If you want to prove that you published a content first, what you have to do is find the dates related to that information from your content and the copies.

These are ways to check that

  1. FTP upload log.
  2. First/oldest HTTP transaction involving that content.
  3. inurl: or site: searches on Google plus the use of "&as_qdr=y20" in the resulting URL.
  4. Looking for the content on the waybackmachine.
  5. Check the Last-Modified header of the page.
  6. Check the declared publishing date

Method 1 requires that you have a log of the file, which may be difficult unless your hosting company provides that and you keep them. You can always ask for it to the company and hope they have it.

Method 2 is not too difficult, you may have it or at least you may have some data on the hosting provided statistic services they provide, like awstats or similar, just look for a date close to the publishing date.

Method 3 requires that you do a search on Google like inurl:http://www.example.com/specific_page and once you have the result, add "&as_qdr=y20" to the end of the url and the result would include the publishing date if that happened on the last 20 years.

  • go to Google
  • in the search box type inurl:http://www.example.com/specific_page
  • in the resulting URL, add "&as_qdr=y20" so it will change from https://encrypted.google.com/#q=inurl:http:%2F%2Fwww.example.com%2Fspecific_page to https://encrypted.google.com/#q=inurl:http:%2F%2Fwww.example.com%2Fspecific_page&as_qdr=y20 press enter

Method 4 is very simple, go to the Way Back Machine, type the URL that you are looking for and check for the oldest version they have.

Method 5 may not be present or show today's date if the document is generated on the server, like with PHP, ASP, etc.

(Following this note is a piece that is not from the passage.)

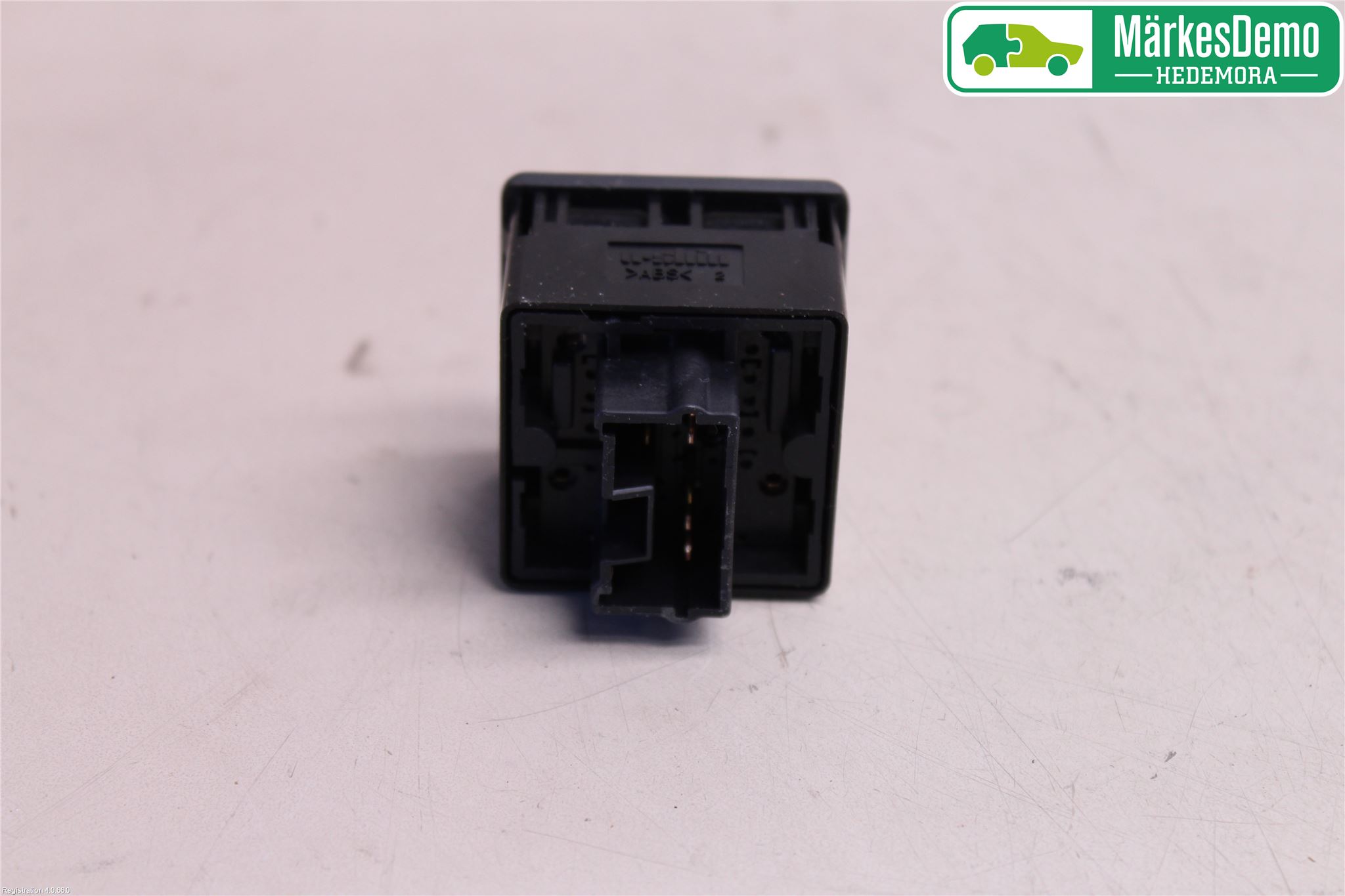 Mitsubishi OUTLANDER 13-21 Bryter Varmesete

Method 6 is not conclusive since anybody can post anything, but if they published a date that is more recent than yours, you can always use that against the stealer. If they use a CMS, or blog, or any other system that uses dates on the URL, you can always check that URl, which is more conclusive than the published date on the content of the page. Even if they use pretty URLs, you can try to reach the content using date patterns for the most common systems.

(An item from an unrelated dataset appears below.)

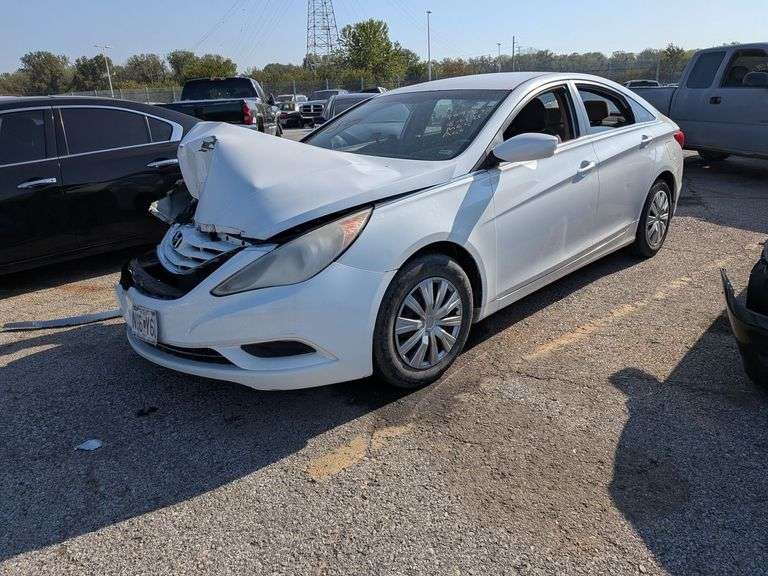 2011 HYUNDAI SONATA image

You should use all of them, if possible, to be sure and to gather as much information as you can.

Method 3 also may not provide information about the date, that happens with some sites. I can't tell why some sites are shown with the publishing information and some don't, I have some ideas, but this is no place for those speculations.

Method 3 and 4 depend on the time the page was crawled which is not conclusive, but if it happened, then you have a proof.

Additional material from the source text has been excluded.